What to produce: Quote the entries word for word. Omit the pictures.

[Short descriptive text snippets]
----------
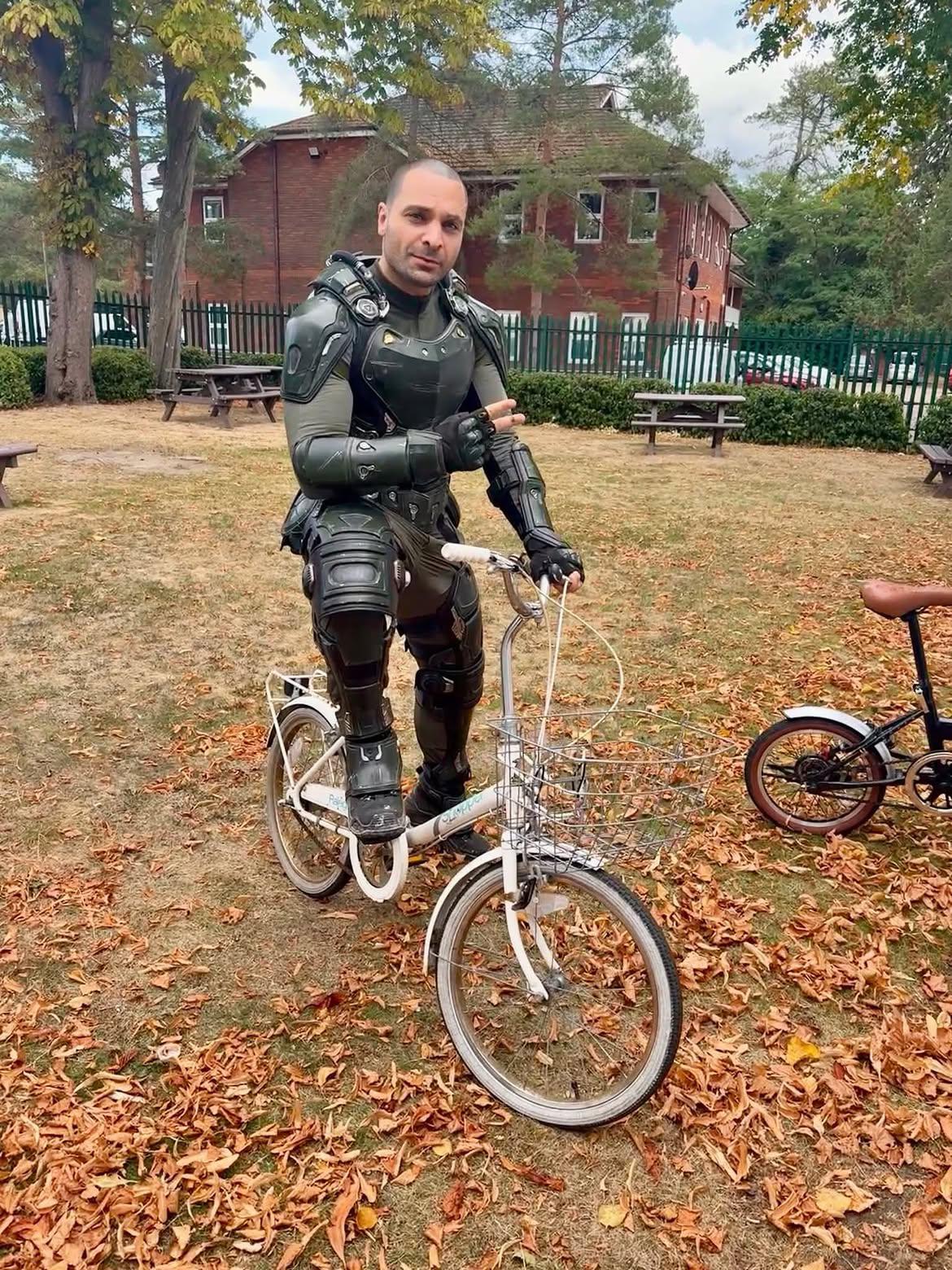 De los días sin hogar a Escorpión: la historia de Michael Mando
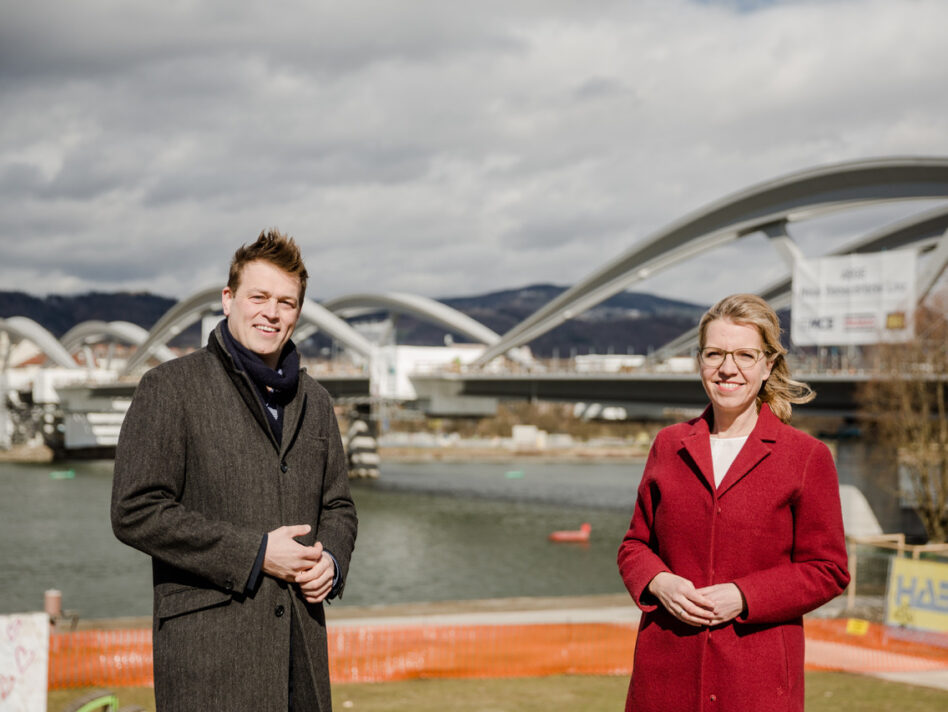 Klima-Landesrat Stefan Kaineder und Klimaschutz-Ministerin Leonore Gewessler nach der Pressekonferenz in Linz.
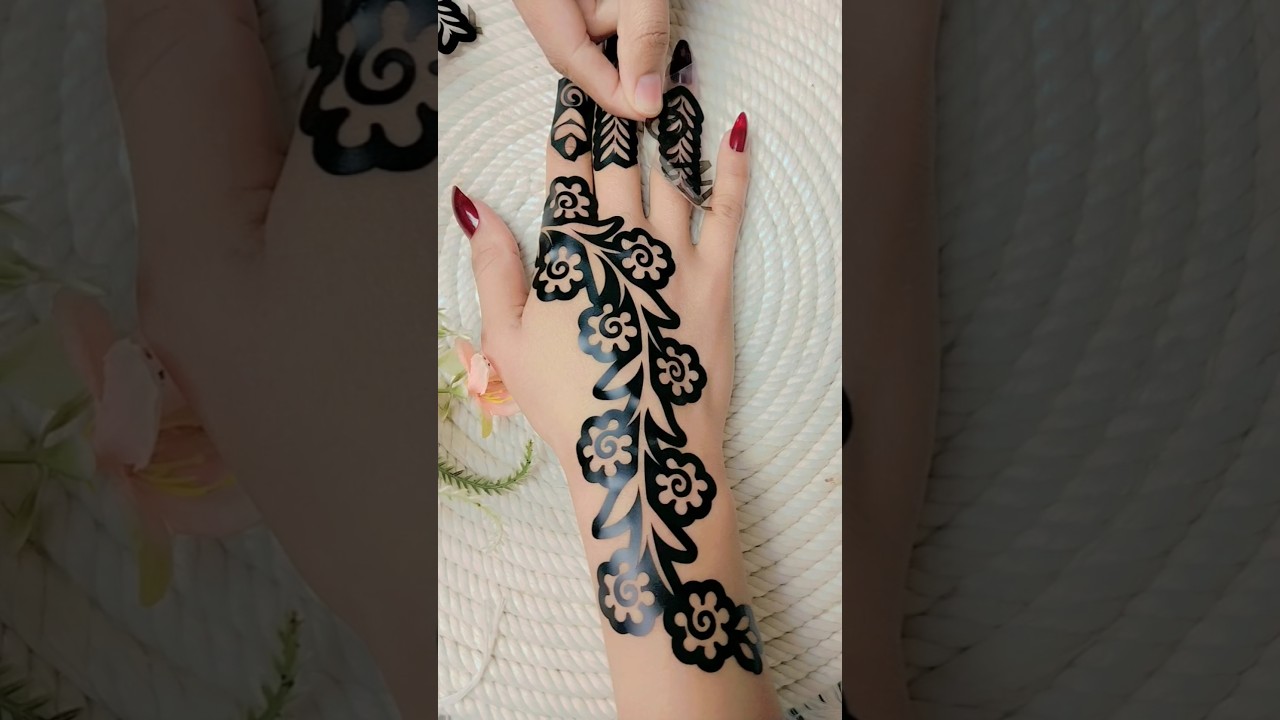 Beautiful sticker mehndi design #shorts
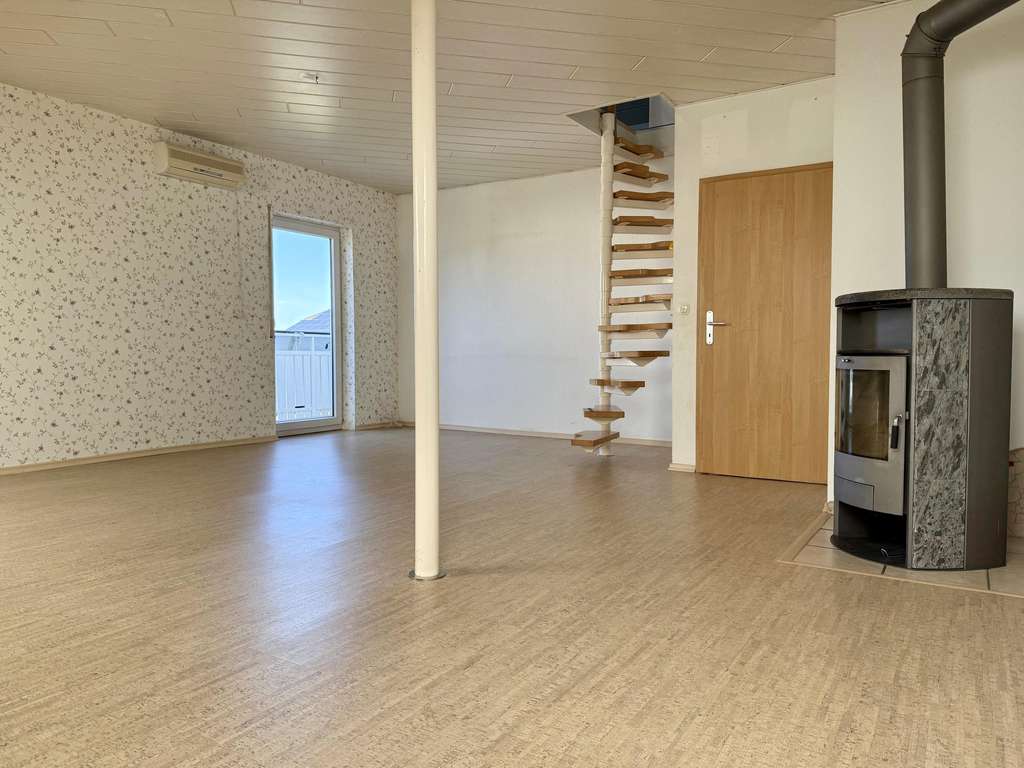 Immobilie in Rheinmünster - Großzügige 3-Zimmer DG-Wohnung mit Kaminofen, Klimaanlage und Balkon in Rheinmünster - Bild 1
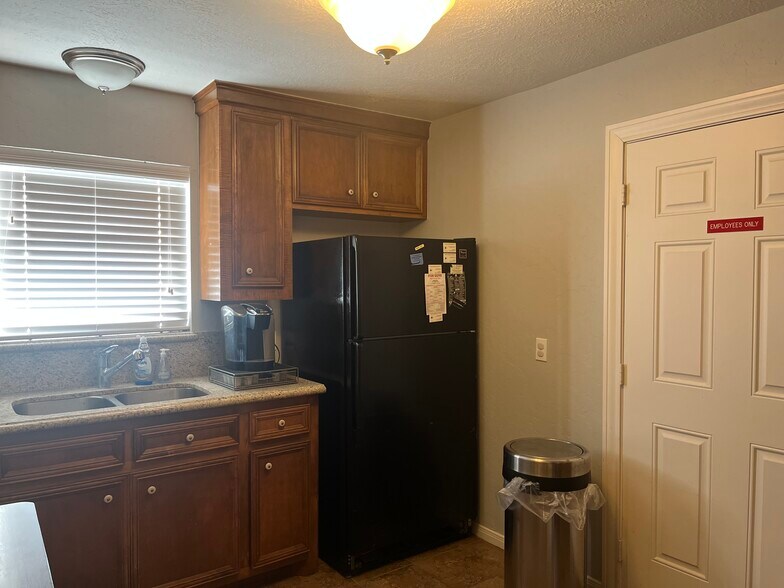 More Photos Of 7026 Belgold St, Houston Office For Sale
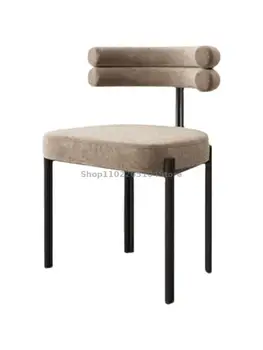 איטלקי אור יוקרה האוכל הכיסא מעצב פנאי חזרה כיסא להתלבש הכיסא מסמר כיסא מודרני ביתי פשוט אוכל כיסא.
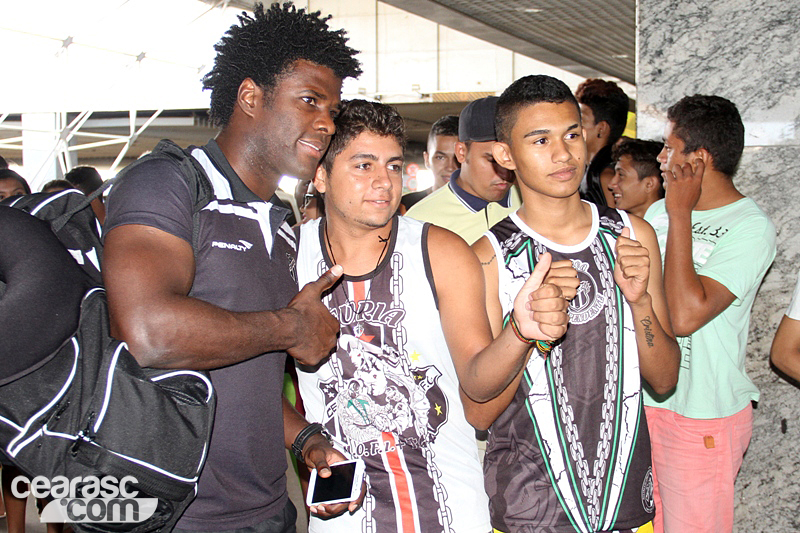 [29-10] Torcida apóia o time do embarque - 5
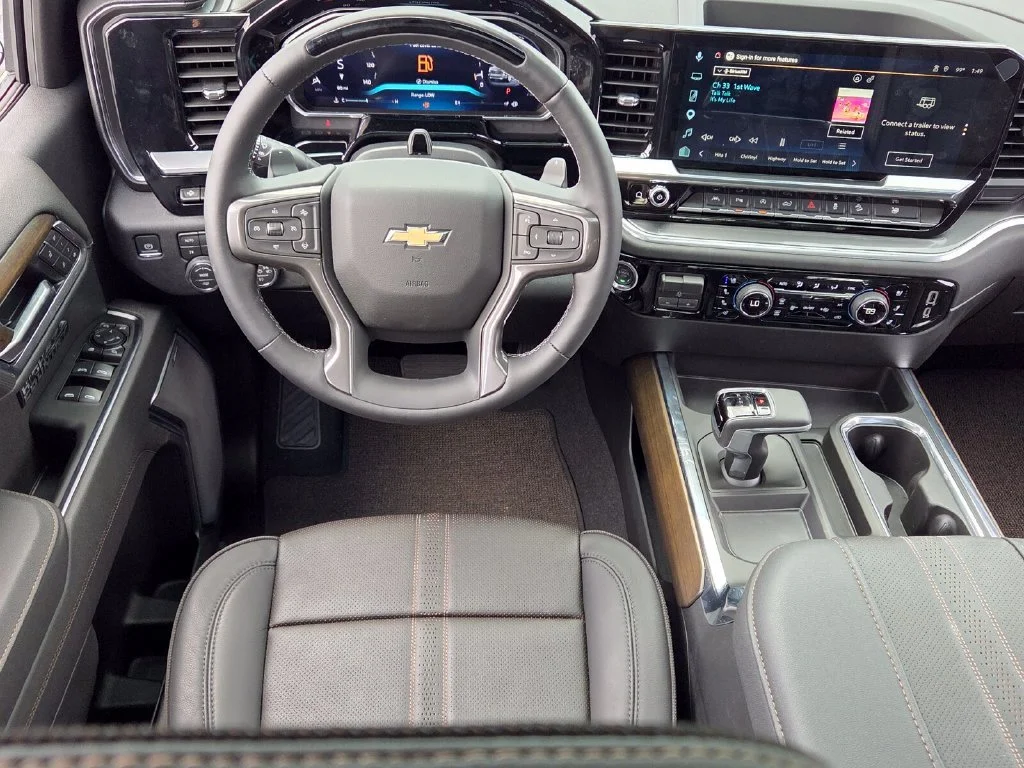 Used 2026 White Sands Chevrolet High Country image 7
----------
Expected answer:
 De los días sin hogar a Escorpión: la historia de Michael Mando
 Klima-Landesrat Stefan Kaineder und Klimaschutz-Ministerin Leonore Gewessler nach der Pressekonferenz in Linz.
 Beautiful sticker mehndi design #shorts
 Immobilie in Rheinmünster - Großzügige 3-Zimmer DG-Wohnung mit Kaminofen, Klimaanlage und Balkon in Rheinmünster - Bild 1
 More Photos Of 7026 Belgold St, Houston Office For Sale
 איטלקי אור יוקרה האוכל הכיסא מעצב פנאי חזרה כיסא להתלבש הכיסא מסמר כיסא מודרני ביתי פשוט אוכל כיסא.
 [29-10] Torcida apóia o time do embarque - 5
 Used 2026 White Sands Chevrolet High Country image 7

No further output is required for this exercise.